RECORDS »
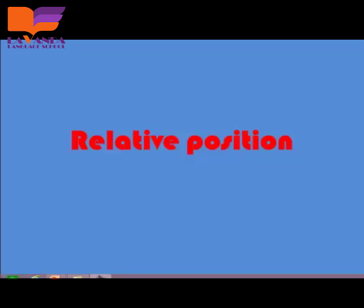How are you my lovely dear students? I hope you are fine. Today we are going to know about relative positions. Relative positions means the relationship between two words, and in this lesson we are going to learn each word and its opposite. Let's start.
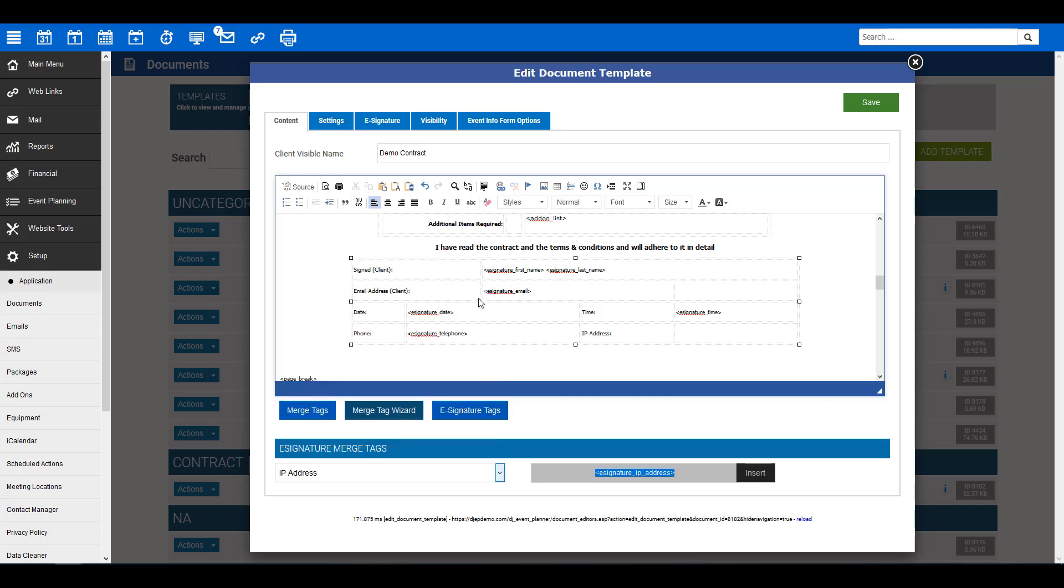The merge tag code will appear to the right with an insert button, so go ahead and click insert. This then adds the merge tag code to your document where you had your cursor. You will want to repeat this process for all of the merge tags you require.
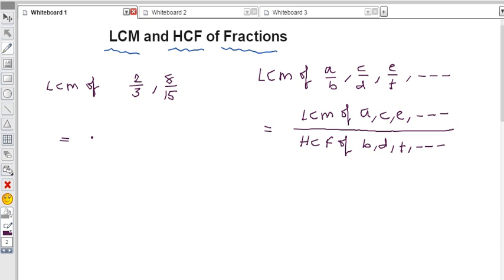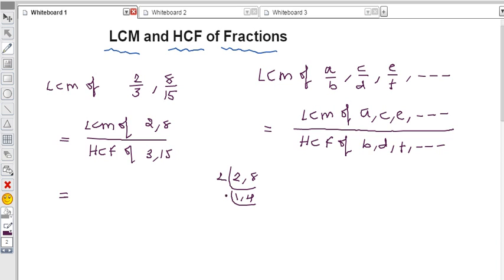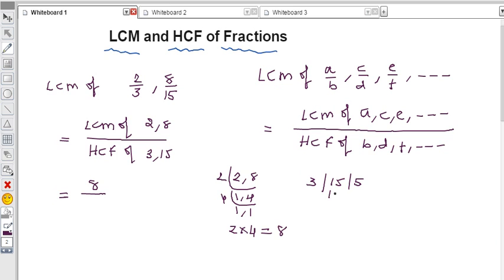Applying the formula: LCM of 2/3 and 8/15 equals LCM of 2 and 8, divided by HCF of 3 and 15. LCM of 2 and 8 — since 2 times 4 is 8 — is 8. For HCF of 3 and 15 using the division method: 3 divides 15 exactly five times with remainder 0, so HCF is 3. Therefore, LCM of 2/3 and 8/15 is 8/3.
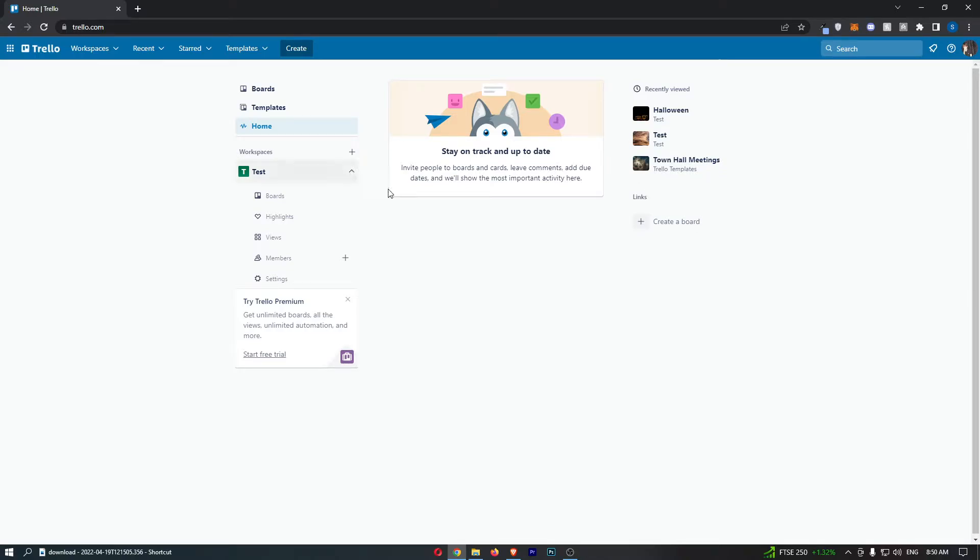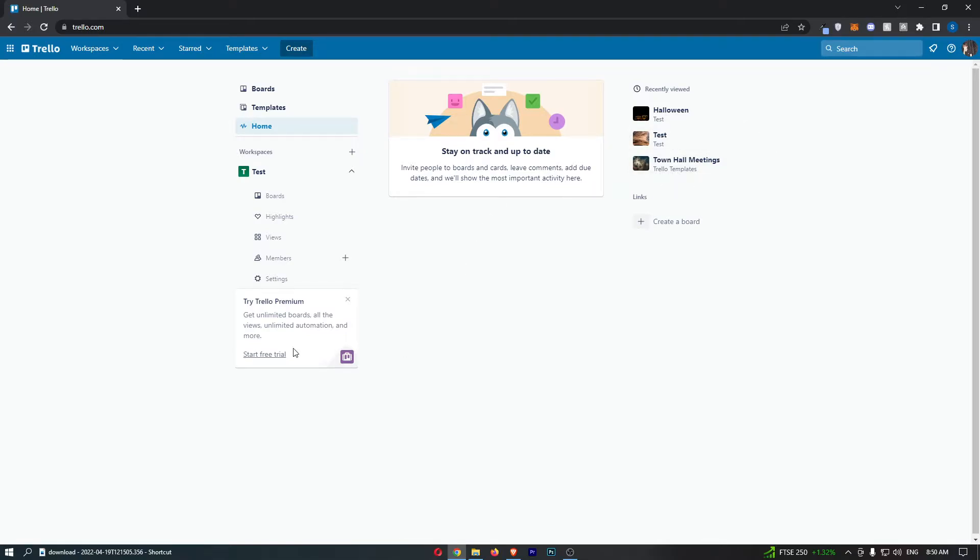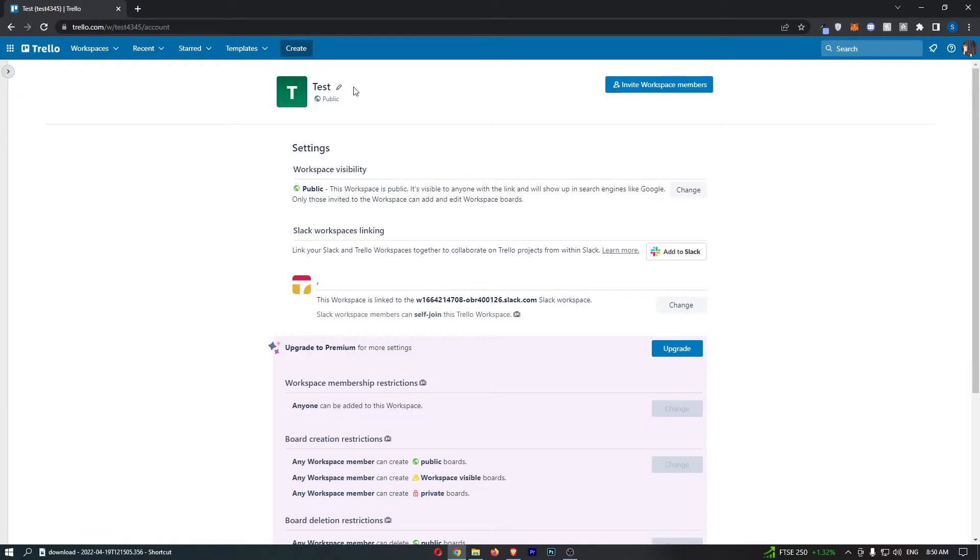To do this, first load up Trello right here and sign in to your account. Once you are signed in, go to this menu down the left hand side and click into the settings option at the bottom.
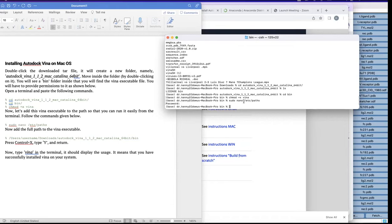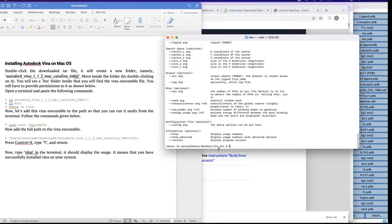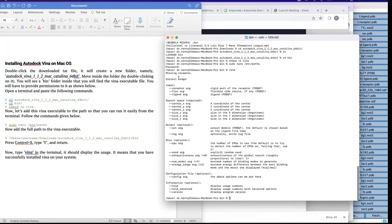You have now successfully installed Vina on your MacBook. To verify, just type 'vina' anywhere in the Terminal and press enter. It will give you correct usage information. When you see this, it means you have successfully installed AutoDock Vina on your laptop. If instead you get 'command not found,' that means you made a mistake somewhere in the process.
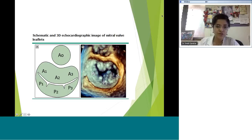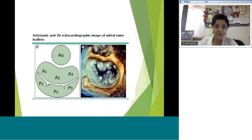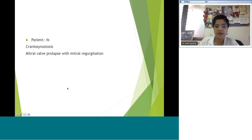Remember in the parasternal short axis view this will be inverted — your left-hand side will be where the left atrial appendage is, so A1 will actually be on that side of the screen, opposite to what the diagram shows. Let's move on to this patient, a 10-year-old with mitral valve pathology.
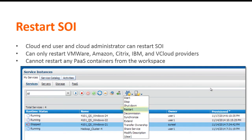A restart operation is now available from the service instances workspace. A cloud administrator can restart any service SOI. Supported providers are VMware, Amazon, Citrix, IBM, and vCloud only.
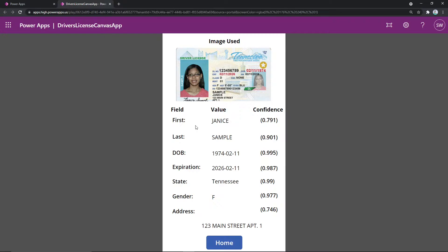Now what we see here are the results of the AI Builder model. We can see the image that we uploaded and various fields that we've extracted automatically from the driver's license. This is not all of the fields that the AI Builder pre-built model gets, but there's a lot of them here. You can see the first name, the last name, the date of birth, the expiration date of the license, which state issued the driver's license, the gender, as well as the address. There's also a corresponding confidence score for every single one of these fields. The higher it gets to one — meaning closer to 100% — the more confident our pre-built model is for that result.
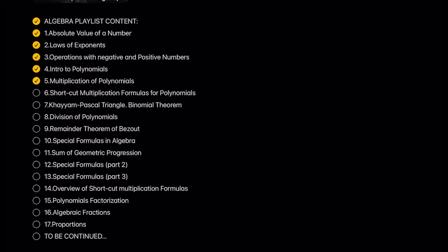Multiplication of polynomials. In this lesson we will learn how to multiply two polynomials using two different ways with examples.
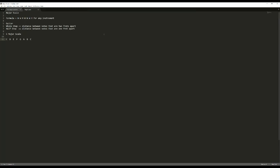So the C major scale is exactly this. If you start on C and end on C, this is the C major scale. If you remember from The Sound of Music — Do, Re, Mi, Fa, So, La, Ti — that's what it sounds like. So if I play the C major scale here and go backwards.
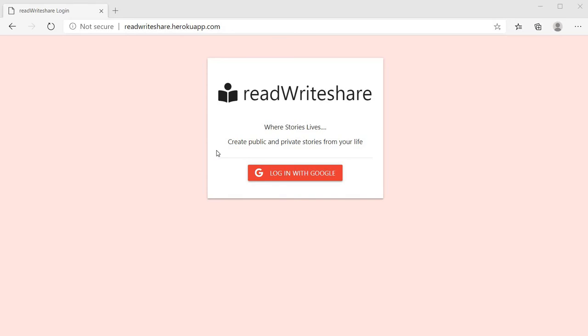Now let's start our demo. This is our home page. Here you can login with Google.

YOUR TASK » Output the listing above in full and exactly, with pictures excluded.

TASK OUTPUT »
How are you my lovely dear students? I hope you are fine. Today we are going to know about relative positions. Relative positions means the relationship between two words, and in this lesson we are going to learn each word and its opposite. Let's start.
The merge tag code will appear to the right with an insert button, so go ahead and click insert. This then adds the merge tag code to your document where you had your cursor. You will want to repeat this process for all of the merge tags you require.
Applying the formula: LCM of 2/3 and 8/15 equals LCM of 2 and 8, divided by HCF of 3 and 15. LCM of 2 and 8 — since 2 times 4 is 8 — is 8. For HCF of 3 and 15 using the division method: 3 divides 15 exactly five times with remainder 0, so HCF is 3. Therefore, LCM of 2/3 and 8/15 is 8/3.
To do this, first load up Trello right here and sign in to your account. Once you are signed in, go to this menu down the left hand side and click into the settings option at the bottom.
You have now successfully installed Vina on your MacBook. To verify, just type 'vina' anywhere in the Terminal and press enter. It will give you correct usage information. When you see this, it means you have successfully installed AutoDock Vina on your laptop. If instead you get 'command not found,' that means you made a mistake somewhere in the process.
Remember in the parasternal short axis view this will be inverted — your left-hand side will be where the left atrial appendage is, so A1 will actually be on that side of the screen, opposite to what the diagram shows. Let's move on to this patient, a 10-year-old with mitral valve pathology.
A restart operation is now available from the service instances workspace. A cloud administrator can restart any service SOI. Supported providers are VMware, Amazon, Citrix, IBM, and vCloud only.
Now what we see here are the results of the AI Builder model. We can see the image that we uploaded and various fields that we've extracted automatically from the driver's license. This is not all of the fields that the AI Builder pre-built model gets, but there's a lot of them here. You can see the first name, the last name, the date of birth, the expiration date of the license, which state issued the driver's license, the gender, as well as the address. There's also a corresponding confidence score for every single one of these fields. The higher it gets to one — meaning closer to 100% — the more confident our pre-built model is for that result.
Multiplication of polynomials. In this lesson we will learn how to multiply two polynomials using two different ways with examples.
So the C major scale is exactly this. If you start on C and end on C, this is the C major scale. If you remember from The Sound of Music — Do, Re, Mi, Fa, So, La, Ti — that's what it sounds like. So if I play the C major scale here and go backwards.
Now let's start our demo. This is our home page. Here you can login with Google.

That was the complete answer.